* What you should do *
Starting with the line that holds "Розовый чехол-книжка Xiaomi" and stopping after the line that holds "Deluxe Skyline - Fantastic", repeat the lines below word for word, without the pictures.

********************

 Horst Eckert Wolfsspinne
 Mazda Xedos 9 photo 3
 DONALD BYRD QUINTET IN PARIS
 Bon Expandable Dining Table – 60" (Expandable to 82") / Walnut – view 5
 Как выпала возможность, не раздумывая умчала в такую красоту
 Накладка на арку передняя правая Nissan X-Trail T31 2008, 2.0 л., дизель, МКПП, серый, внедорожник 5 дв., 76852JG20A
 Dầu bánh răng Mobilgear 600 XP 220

********************

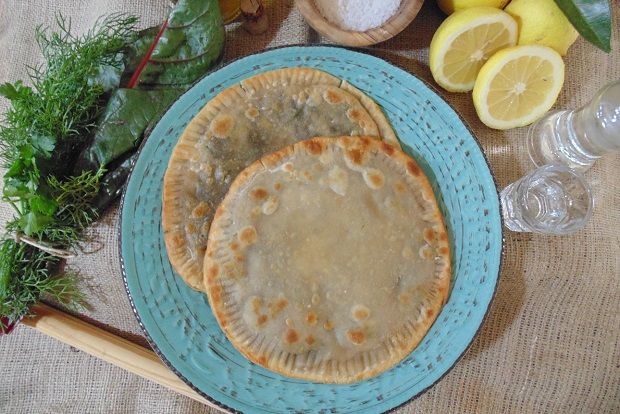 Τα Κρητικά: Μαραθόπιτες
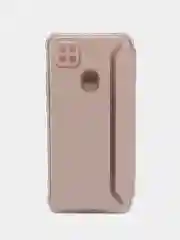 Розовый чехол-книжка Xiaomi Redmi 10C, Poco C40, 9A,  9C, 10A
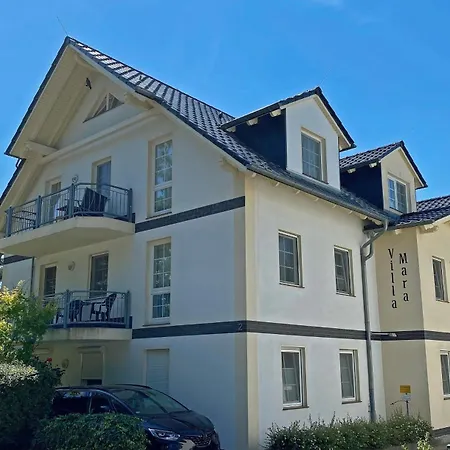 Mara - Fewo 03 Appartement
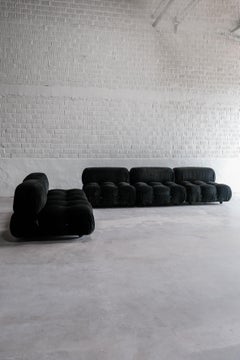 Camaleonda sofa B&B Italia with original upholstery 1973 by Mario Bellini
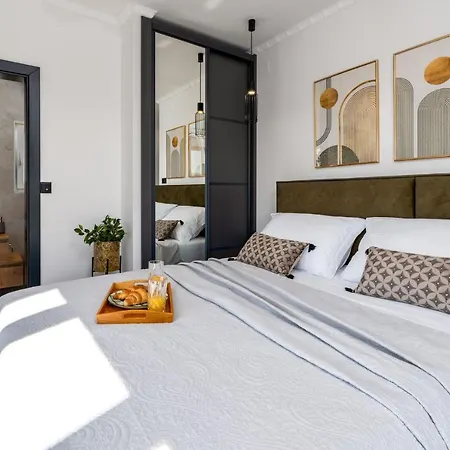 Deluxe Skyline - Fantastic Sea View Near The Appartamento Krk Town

********************

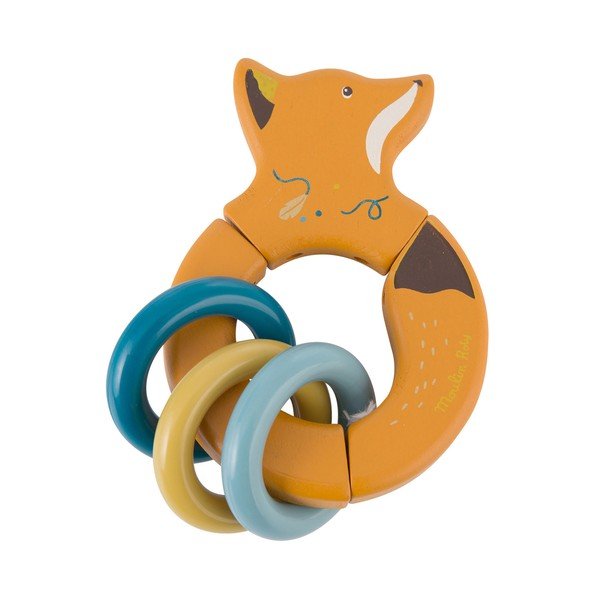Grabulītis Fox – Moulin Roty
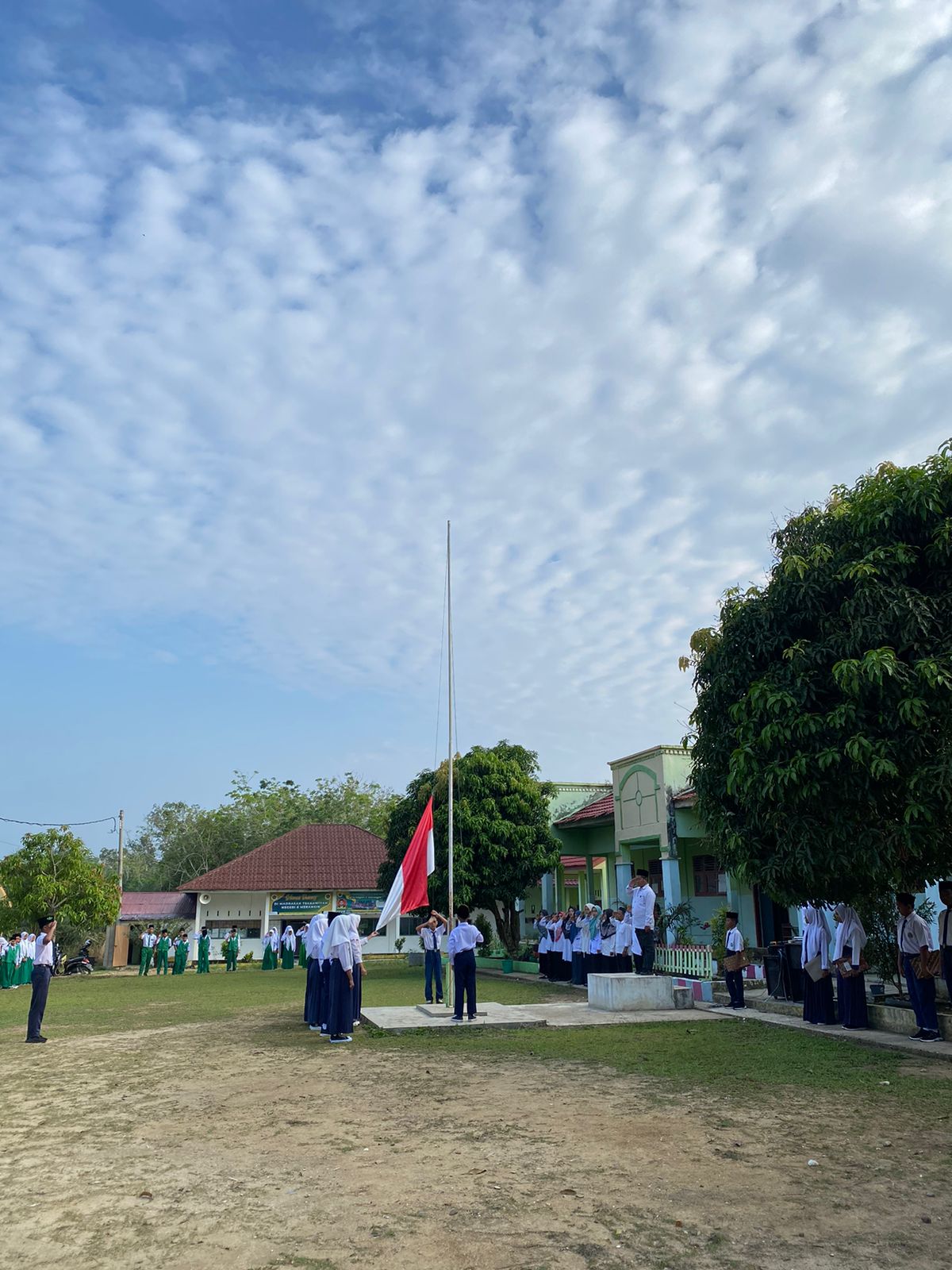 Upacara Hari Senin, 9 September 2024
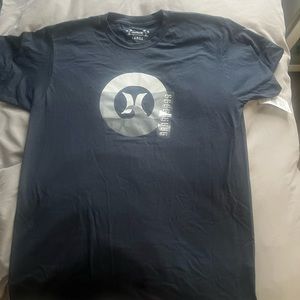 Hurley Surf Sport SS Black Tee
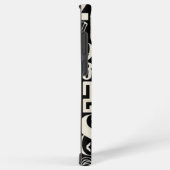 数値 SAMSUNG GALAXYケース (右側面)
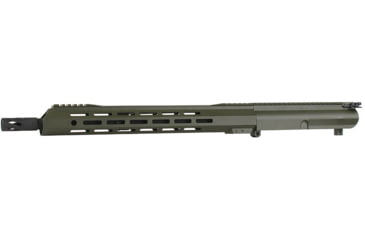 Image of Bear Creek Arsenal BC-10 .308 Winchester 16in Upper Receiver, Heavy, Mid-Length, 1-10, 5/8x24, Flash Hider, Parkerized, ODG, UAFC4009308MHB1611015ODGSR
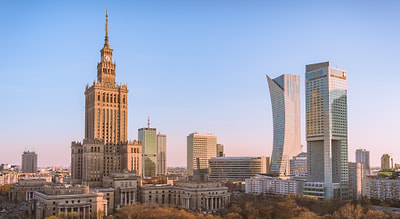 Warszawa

********************

* Response *
 Розовый чехол-книжка Xiaomi Redmi 10C, Poco C40, 9A,  9C, 10A
 Mara - Fewo 03 Appartement
 Camaleonda sofa B&B Italia with original upholstery 1973 by Mario Bellini
 Deluxe Skyline - Fantastic Sea View Near The Appartamento Krk Town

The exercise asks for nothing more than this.